## Try it
The task calls for the lines below from the line with "جلوه‌هایی از حلقه‌های" to the line with "Access to basement", both ends included, copied exactly, without any pictures.

## Dataset content
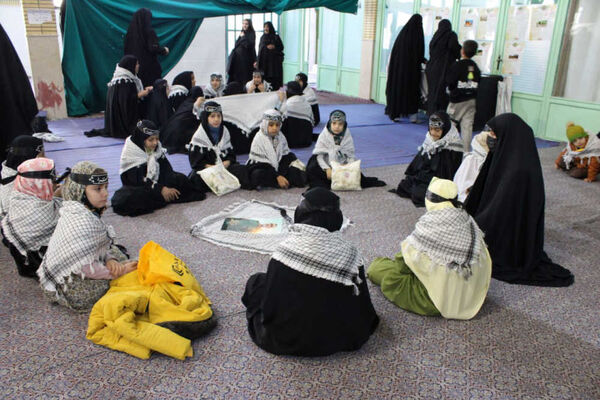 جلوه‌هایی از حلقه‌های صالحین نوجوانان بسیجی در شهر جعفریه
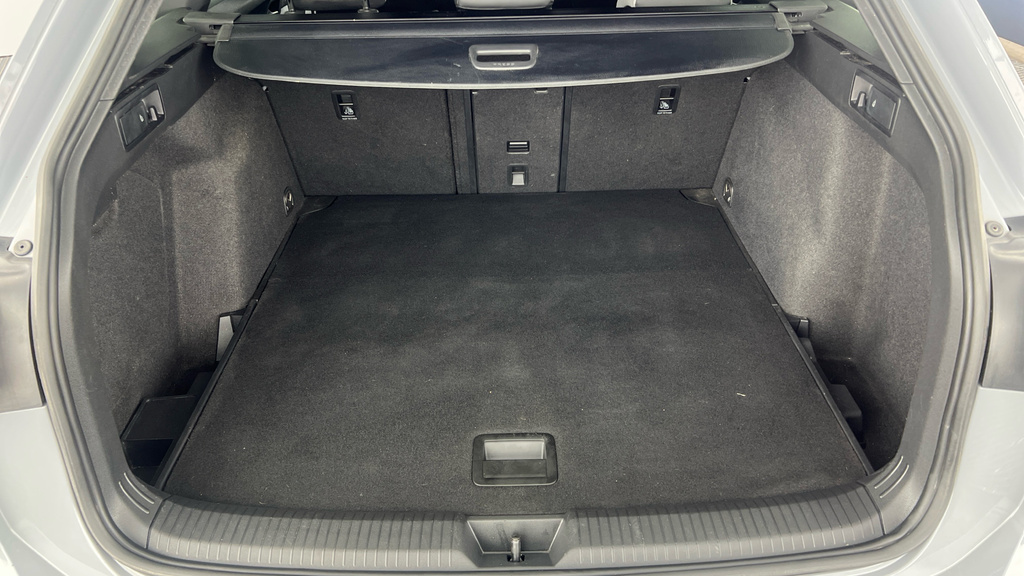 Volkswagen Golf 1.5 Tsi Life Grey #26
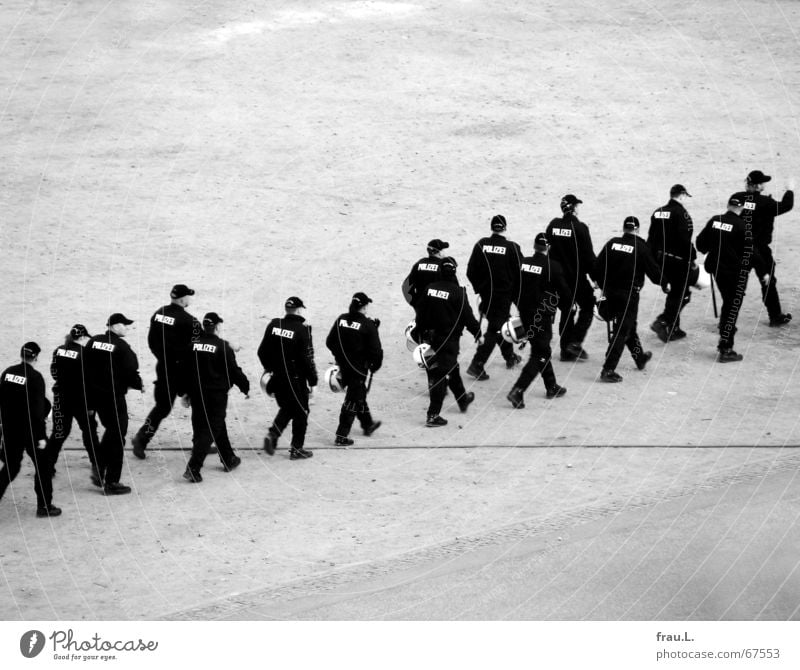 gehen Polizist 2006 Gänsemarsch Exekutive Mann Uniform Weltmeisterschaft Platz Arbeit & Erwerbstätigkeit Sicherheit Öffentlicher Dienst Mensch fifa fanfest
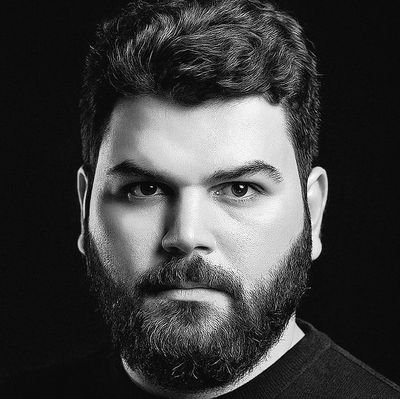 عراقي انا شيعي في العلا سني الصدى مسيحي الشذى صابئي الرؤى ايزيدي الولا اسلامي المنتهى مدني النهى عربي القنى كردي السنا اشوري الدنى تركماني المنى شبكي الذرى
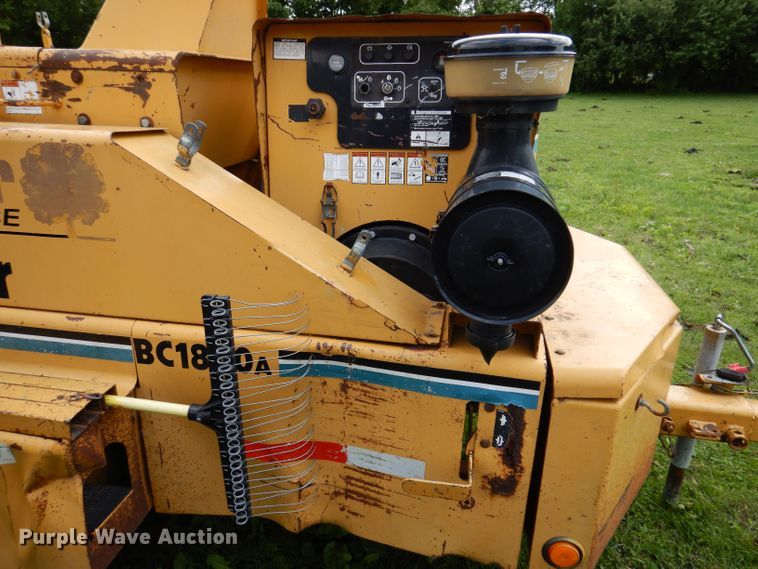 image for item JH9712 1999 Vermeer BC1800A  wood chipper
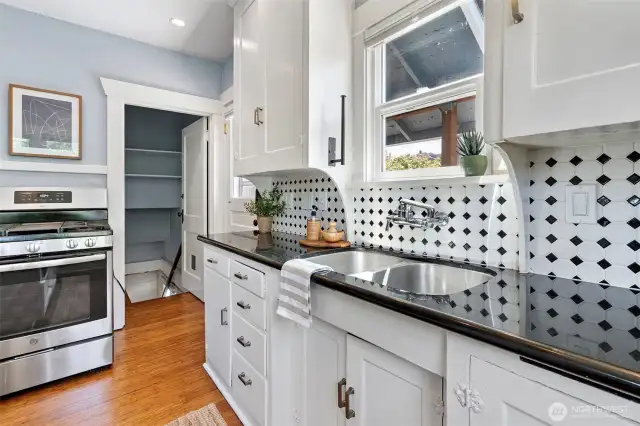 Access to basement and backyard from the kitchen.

...

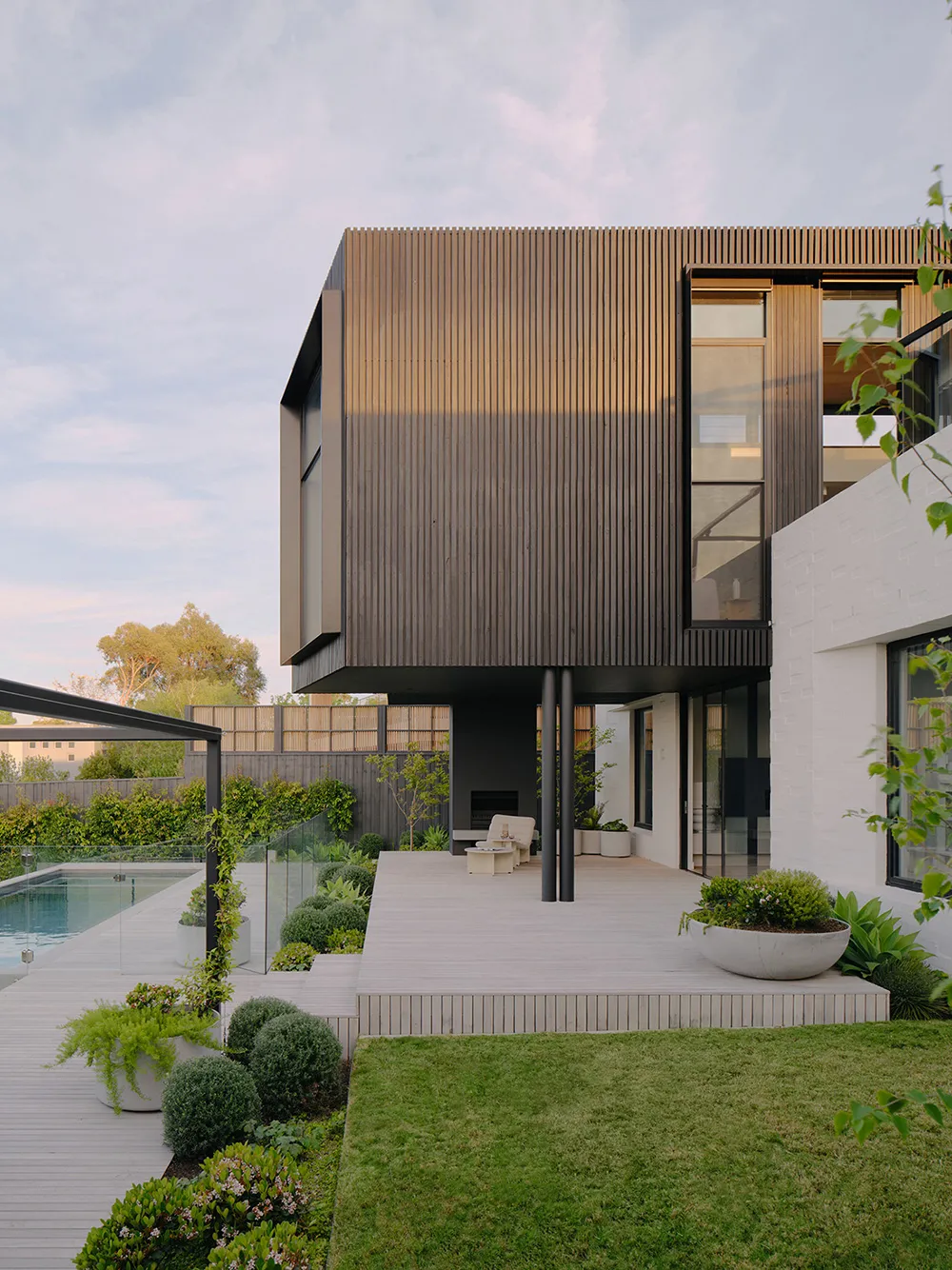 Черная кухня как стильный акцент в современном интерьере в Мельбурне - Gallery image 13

## Output of the exercise
 جلوه‌هایی از حلقه‌های صالحین نوجوانان بسیجی در شهر جعفریه
 Volkswagen Golf 1.5 Tsi Life Grey #26
 gehen Polizist 2006 Gänsemarsch Exekutive Mann Uniform Weltmeisterschaft Platz Arbeit & Erwerbstätigkeit Sicherheit Öffentlicher Dienst Mensch fifa fanfest
 عراقي انا شيعي في العلا سني الصدى مسيحي الشذى صابئي الرؤى ايزيدي الولا اسلامي المنتهى مدني النهى عربي القنى كردي السنا اشوري الدنى تركماني المنى شبكي الذرى
 image for item JH9712 1999 Vermeer BC1800A  wood chipper
 Access to basement and backyard from the kitchen.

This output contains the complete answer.